Managing AI Networking at Scale
AI infrastructure introduces specific requirements that differentiate it from typical enterprise networks. What was once a single network in the data center is now often two or three distinct networks – a front-end network for user access, a back-end or GPU network specifically for connecting GPUs, and often a separate dedicated storage network. And AI networks typically span hundreds or even thousands of devices. Managing network devices at scale, ensuring consistency, and handling rapid growth or changes manually in such complex environments is incredibly difficult and error-prone.
Intent-based Management
Intent-based management offers a solution to these challenges by shifting the focus from configuring individual devices to defining the desired state or intent for the entire network fabric. Instead of issuing commands switch by switch, administrators define what they want the network to do, and the intent-based system translates that into the necessary configurations and deploys them across the infrastructure. This approach automates complex deployments and ensures consistency across potentially disparate hardware. This is particularly valuable for the well-defined, repetitive topologies found in AI networks.
Aviz ONES: Open Networking Enterprise Suite
Aviz, a pure software networking company that emerged to address the evolving landscape of open networking, has developed ONES (Open Networking Enterprise Suite). ONES is an automation suite designed to facilitate the design, deployment, and monitoring of open networking platforms like SONiC and Cumulus Linux.
At its core, ONES utilizes an intent-based YAML file to define the desired state of the network fabric. This YAML file specifies the inventory of devices, how they are physically connected, and the configuration parameters for the entire fabric. For specific architectures like the Nvidia SpectrumX Reference Architecture, ONES can even construct the YAML intent internally based on high-level inputs like the number of GPUs and desired IP subnets.
A critical part of the ONES process is validation. Before and during configuration, ONES performs config validation to detect errors in the configuration syntax or structure as it’s being pushed to the switch, stopping orchestration for that node if it fails. It also conducts operational checks after configuration, verifying control plane status and data plane connectivity. For example, ONES can detect and report operational issues such as network cabling that prevent BGP from establishing a session.
ONES provides robust capabilities for day-two operations. A key feature is configuration comparison, allowing operators to compare the deployed intent against the running configuration on a switch to identify any drift or unauthorized changes. Comparisons can also be made between the running config and a baseline backup, or between the running configurations of different switches. This provides clear visibility into configuration drift.
ONES supports a wide range of telemetry and end-to-end monitoring covering switches, switch ASICs, servers, NICs, and GPUs, links, and a variety of network protocols. An anomaly detection system is included whereby users can create rules based on various metrics, defining warning and critical thresholds. When thresholds are exceeded, ONES can trigger notifications, and control are available to manage notification frequency and prevent alert fatigue.
Room for Improvement
While powerful, the current implementation of Aviz ONES presents some points to consider.
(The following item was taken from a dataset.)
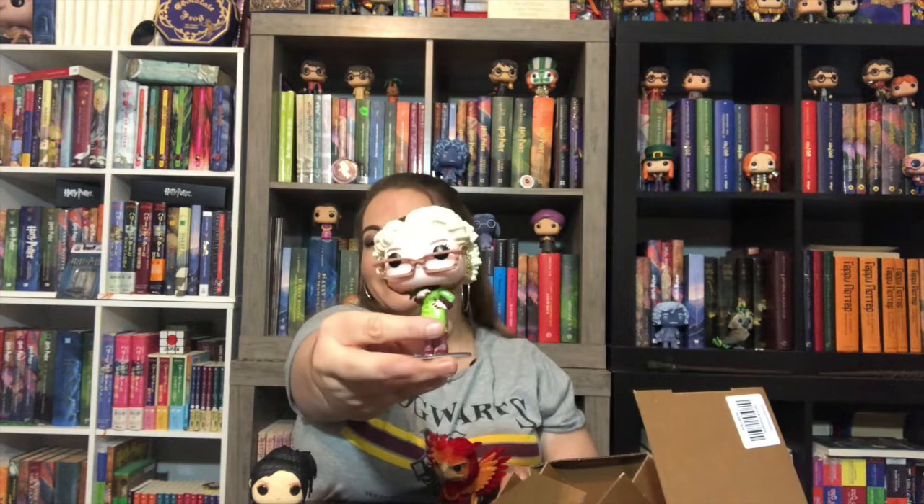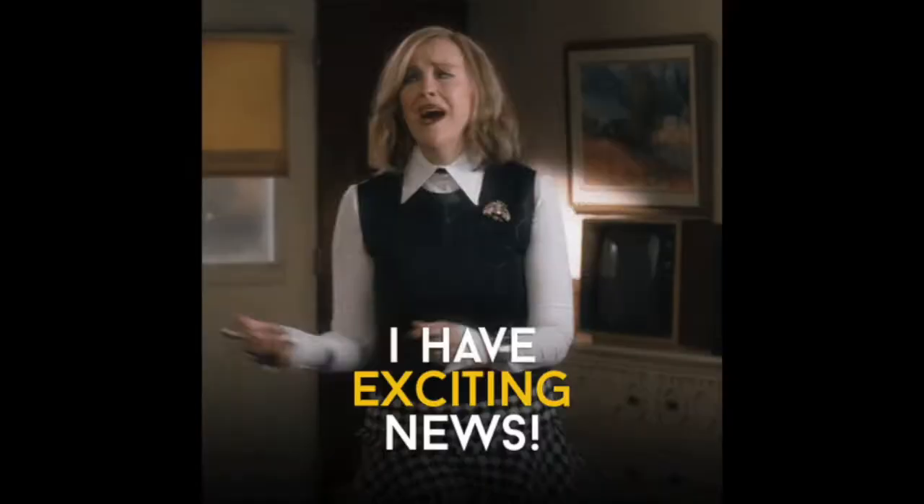Of the three 2019 SDCC Funko Pops — the flocked Fawkes, Nagini, or Rita Skeeter — which one is your favorite? Put it in the comments below. Honestly I really like the flocked Fawkes but I love Rita Skeeter too. I was so excited about her. I think it's a tie for me between Fawkes and Rita, and Nagini didn't do much for me although she's lovely in person.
The system relies heavily on YAML, and thus is susceptible to YAML’s well-known issues, including complexity, lack of schema, and, most importantly, sensitivity to spaces, tabs, indentation, and formatting.
A significant security concern is the practice of storing credentials within the YAML file. Although Aviz supports alternative methods like LDAP on a per-customer basis, the standard practice of having sensitive information like API keys, usernames and passwords, and other secrets stored directly in the primary configuration file is a security risk that deviates from best practices.
Furthermore, while ONES excels at detecting configuration drift by comparing the intended configuration with the actual running configuration, this capability is primarily designed to provide visibility into the differences. In most intent-based management systems, the automation and orchestration process automatically and continuously enforces the running configuration to match the defined intent.
Instead of automatically reverting unauthorized changes or re-applying the intended configuration, ONES focuses on highlighting the discrepancy, which an operator would then need to address manually or by initiating a restore or re-application process using the provided tools. While this detection is valuable, the lack of automated enforcement of the intended state diminishes the value of automated intent-based management.
Why This Matters
Managing complex open networks at scale, especially the specialized and demanding AI fabrics, is fraught with challenges related to complexity, consistency, manual effort, and detecting unauthorized changes. Aviz ONES tackles these problems by introducing intent-based management and comprehensive monitoring. By defining the network’s desired state in a centralized YAML file, ONES automates initial deployment, validates configurations and operational status, and provides visibility into the health and performance of the fabric. Its day-two operation features, particularly the configuration comparison and anomaly detection systems, are crucial for maintaining the intended state over time, alerting operators to deviations or performance issues.
While points like YAML credential storage and the nuance of config enforcement vs. detection warrant consideration, the core value of ONES lies in bringing a structured, automated approach to managing open networking environments that traditionally require deep technical expertise and manual intervention. For organizations looking to build and operate complex AI networking environments using flexible open networking platforms like SONiC and Cumulus, investigating whether Aviz ONES’ capabilities align with their operational needs and security requirements is a worthwhile step.